Bu arada sitenin şurasında burasında görülen reklâmlar için okurlarımızdan özür dileriz.
GİRİŞ
-------
Hz. Muhammed'in vefatından sonra "kimin halife olması gerektiği" tartışmasından çıktığı söylenen, Kerbelâ vak'asıyla doruğa ulaşan, Yavuz Sultan Selim ile Şah İsmail'in savaşmasına yol açan, Yeniçeri Ocağı'nın topa tutulmasına sebep olan, 1980 öncesinde Kahraman Maraş'ta yüze yakın cana kıyılmasına sebep olan, zamanımızda bile Ortadoğu'da Şii Hizbullah örgütü ile, Mekke'de İranlı hacıların çıkardığı olaylar ile, Sünnî Vehhabî-Selefî şiddet yanlısı IŞİD, El Kaide gibi örgütlerin zulüm ve katliamları ile devam edegelen sürtüşmenin aslı esası nedir?..
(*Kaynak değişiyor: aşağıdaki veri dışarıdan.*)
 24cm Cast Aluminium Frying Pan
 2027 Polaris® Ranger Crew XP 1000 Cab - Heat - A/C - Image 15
Ülkemizi ikiye bölmeyi amaçlıyan ve "sağcı sünni Türkler" ile "solcu alevi Kürtler" şeklinde gösterilmek istenen olayın kökü, nerelere dayanmaktadır? Hele "Ben Alevi'yim, ama MÜSLÜMAN değilim" iddiasının gerçekle bir alâkası var mıdır?
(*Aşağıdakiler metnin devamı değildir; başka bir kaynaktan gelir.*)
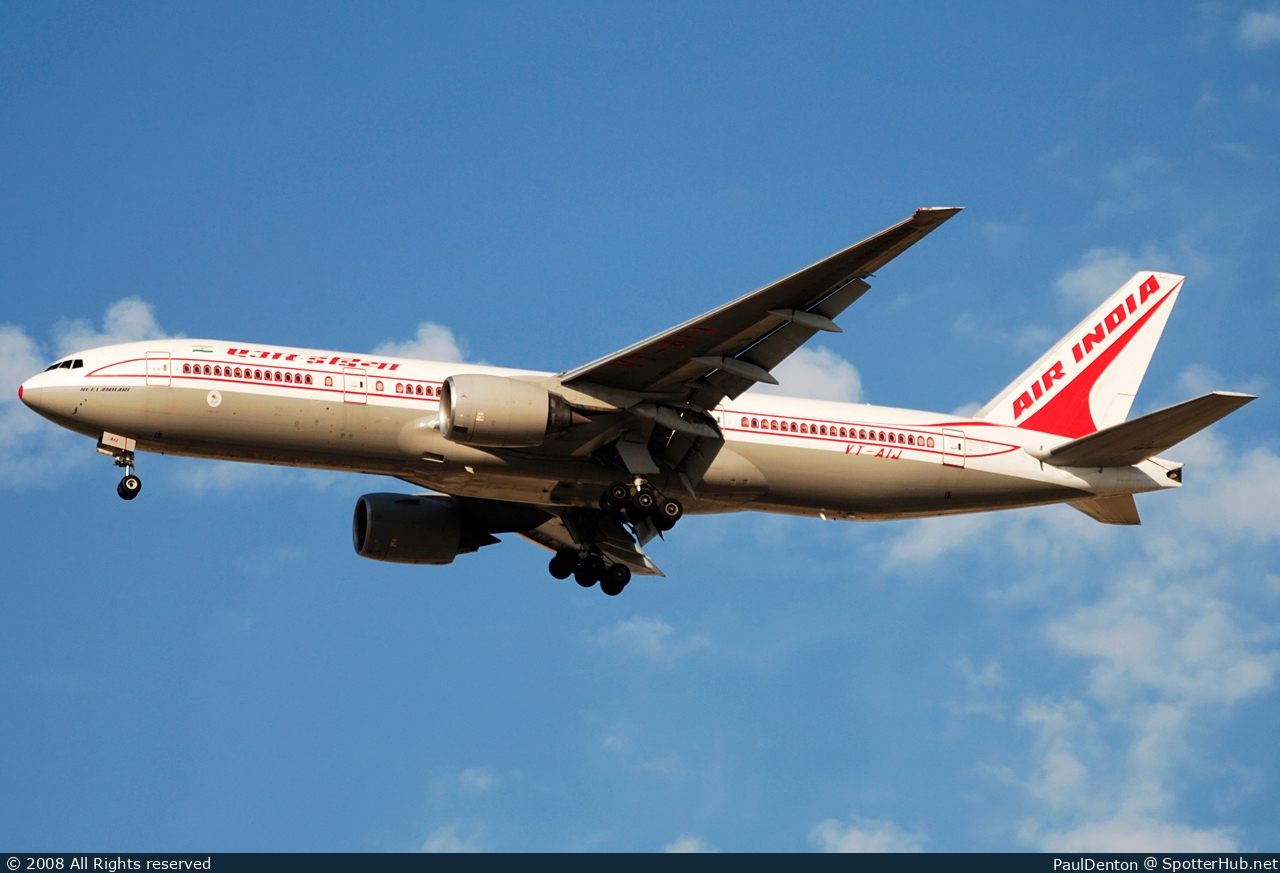 Photo of VT-AIJ - Boeing 777-222(ER) operated by Air India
Bu konularda Alevi ileri gelenleri de, Sünni din adamları da fazla bir şey söyliyememekte; iş rivayetler, tevatürler ile karmakarışık bir şekilde ağızdan ağıza yayılıp gitmektedir. Yazılı bir kaç eser ve araştırma ise bu iki grubu birbirine yakınlaştıracak, aradaki farklılıkları ortadan kaldıracak yerde, yazanın kendi görüşünü savunduğu, karşı tarafa açıktan saldırmasa da, tarizde bulunduğu birbirinin tekrarı yazılardan öte geçememektedir.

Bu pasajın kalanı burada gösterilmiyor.